Et on a mis dans le coup toutes les forces vives du Vieux-Québec. Les trois associations marchandes, les institutions majeures, la société civile. La Chambre de commerce, le Port de Québec, le CLD, Parcs Canada, les ministères du Tourisme et de la Culture, la Commission de la Capitale Nationale, etc. Tout le monde a participé. Tout le monde a constaté l’évidence scientifique. Tout le monde était d’accord.
… conserver et mettre en valeur le patrimoine du Vieux-Québec et ce, dans un esprit contemporain. Il ne s’agit pas de momifier le quartier. D’accord pour réussir ça en fondant toutes les décisions relatives au Vieux-Québec sur les besoins, la qualité de vie et la mobilité des résidants et des usagers quotidiens du quartier d’abord, mais également des visiteurs et des touristes. D’accord pour, carrément, prioriser l’habitation, son accessibilité, sa qualité, sa diversité et sa permanence. Voyez l’ensemble des principes adoptés par les États généraux, ici.
Tout le monde veut prioriser l’habitation. Or, en cinq ans on a perdu un résidant sur dix. Et ce n’est pas parce que les familles sont plus petites (elles le sont partout), c’est carrément parce que les gens s’en vont. Dans le secteur intramuros, pour ne parler que de celui-là, seulement 71,4% des logements sont occupés par des résidants habituels, permanents. Ce taux est au-dessus de 90% dans les autres quartiers de la ville.
Pourquoi les gens quittent-ils ? Plusieurs facteurs, très certainement, contribuent à ce dépeuplement que tous veulent éviter.
Et ces facteurs n’ont pas d’influence que sur les seuls résidants. On assiste aussi à un fort taux de fermeture de magasins et boutiques dans le quartier. Ils sont remplacés par d’autres, le plus souvent, mais le taux de roulement est élevé, les échecs nombreux. Et souvent, le remplaçant est un gros joueur, une chaîne. Le petit commerçant, à l’offre originale, qui fait l’originalité, la richesse du quartier est alors remplacé par une boutique comme on en voit partout ailleurs. L’âme du quartier en prend pour son rhume.
Ce dépeuplement est un phénomène facilement mesurable, plus difficilement paramétrable. Entre spéculation, évolution sociale, urbanité, tourisme, activités festives, profil démographique, fiscalité, mobilité, hôtellerie illégale, résidence secondaire et autres vecteurs, comment discerner le poids de chacun sur la vie des résidants, des commerçants et des usagers quotidiens du Vieux-Québec ?

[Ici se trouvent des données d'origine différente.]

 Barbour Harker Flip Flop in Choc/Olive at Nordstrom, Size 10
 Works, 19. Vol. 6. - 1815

Il faut comprendre la dynamique de cette émigration, urgemment. La Ville devrait mettre à l’œuvre une équipe de professionnels qui s’adjoindra l’expertise externe adéquate, y compris celle du CCVQ, bâtie patiemment et studieusement au cours des années.
Un an devrait suffire pour comprendre. Puis, et ce ne sera pas simple, il faudra agir. Vite. Sinon il arrivera au Vieux-Québec ce que plusieurs craignent qu’il arrive au climat terrestre : franchir le point de non-retour. Si la population du VQ baisse au-delà d’un certain seuil, que l’analyse pourra préciser, il sera impossible de renverser la tendance.

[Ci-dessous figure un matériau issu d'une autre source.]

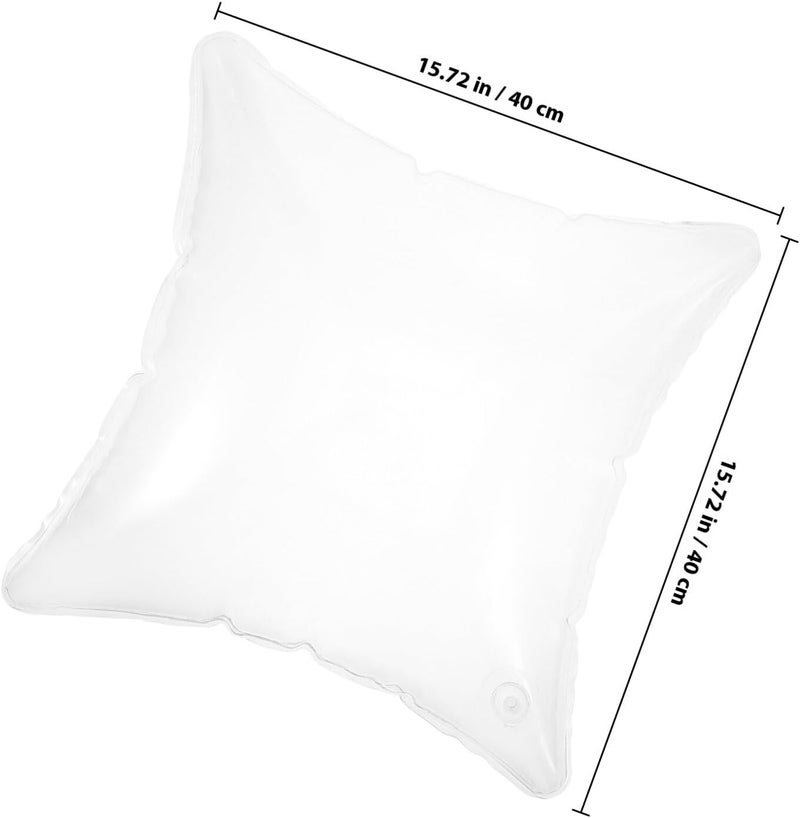 Inflatable Camping Pillow Insert PVC Cushion Portable Foldable Outdoor Cushion 40cm X 40cm for Hiking and Travel - Image 2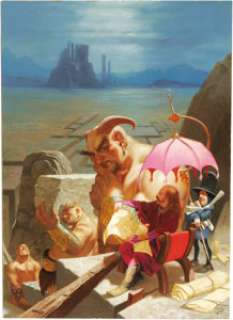 Daniel R. Horne - Dungeons and Dragons Painting Original Art (undated). Daniel Horne often sculpts his fantasy -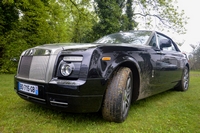 rolls-royce drophead coupé French Rolls-Royce Drivers Club exposition jardinerie Laplace Chelles 2015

Le Vieux-Québec sera déserté par ses résidants. Comme aujourd’hui le Vieux-Venise. Et ça, personne ne le veut.
Dans l’analyse des causes de cette désertion et des remèdes à y apporter, il est essentiel qu’une vaste concertation s’organise. Ville, Université, commerçants, employeurs, institutions, citoyens. Personne, seul, ne peut embrasser l’ensemble de la situation.
Et surtout, il faut que tous acceptent de balayer toute idée préconçue. Les études scientifiques que le CCVQ a menées durant les États généraux lui ont démontré que certaines idées qu’il véhiculait de bonne foi depuis des années étaient inexactes. La même surprise attend tous ceux qui aborderont cette question avec un esprit libre et ouvert.
Alors, tous ensemble, réglons le problème.